The problem
The pictures stay out. Please retype every line below exactly.

- - -

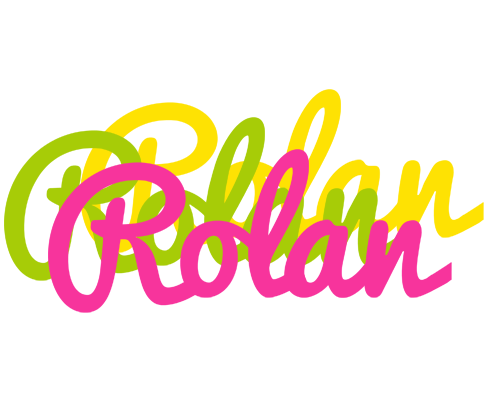 Rolan sweets logo
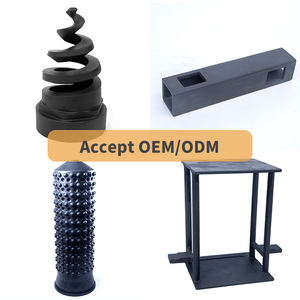 แผ่นเซรามิกหกเหลี่ยมแผ่นซิลิกอนคาร์ไบด์ - Product Image 4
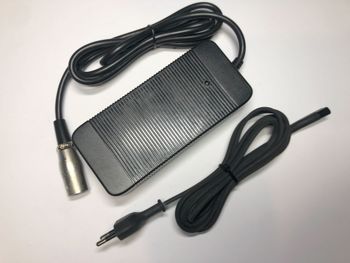 MDA BC292360020 84W 42V 2A XLR Male Head 3pin 18mm Genuine Adapter Charger for sale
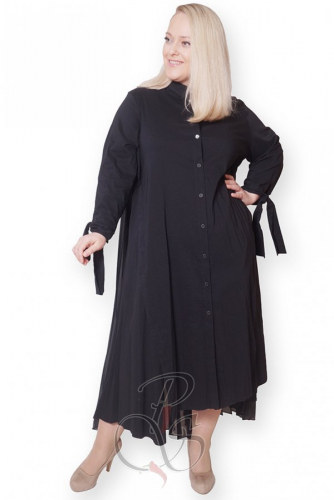 Платье - рубашка женское PepperStyle P2203-8113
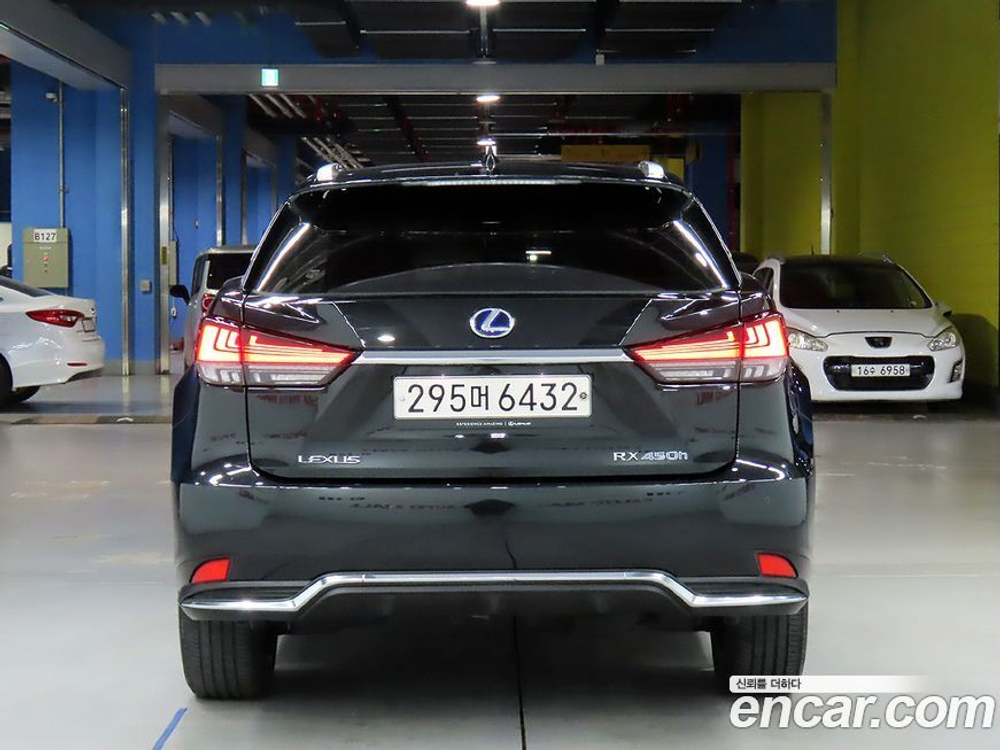 Lexus RX450h 4 Generation Executive (06.2021)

- - -

Task result
 Rolan sweets logo
 แผ่นเซรามิกหกเหลี่ยมแผ่นซิลิกอนคาร์ไบด์ - Product Image 4
 MDA BC292360020 84W 42V 2A XLR Male Head 3pin 18mm Genuine Adapter Charger for sale
 Платье - рубашка женское PepperStyle P2203-8113
 Lexus RX450h 4 Generation Executive (06.2021)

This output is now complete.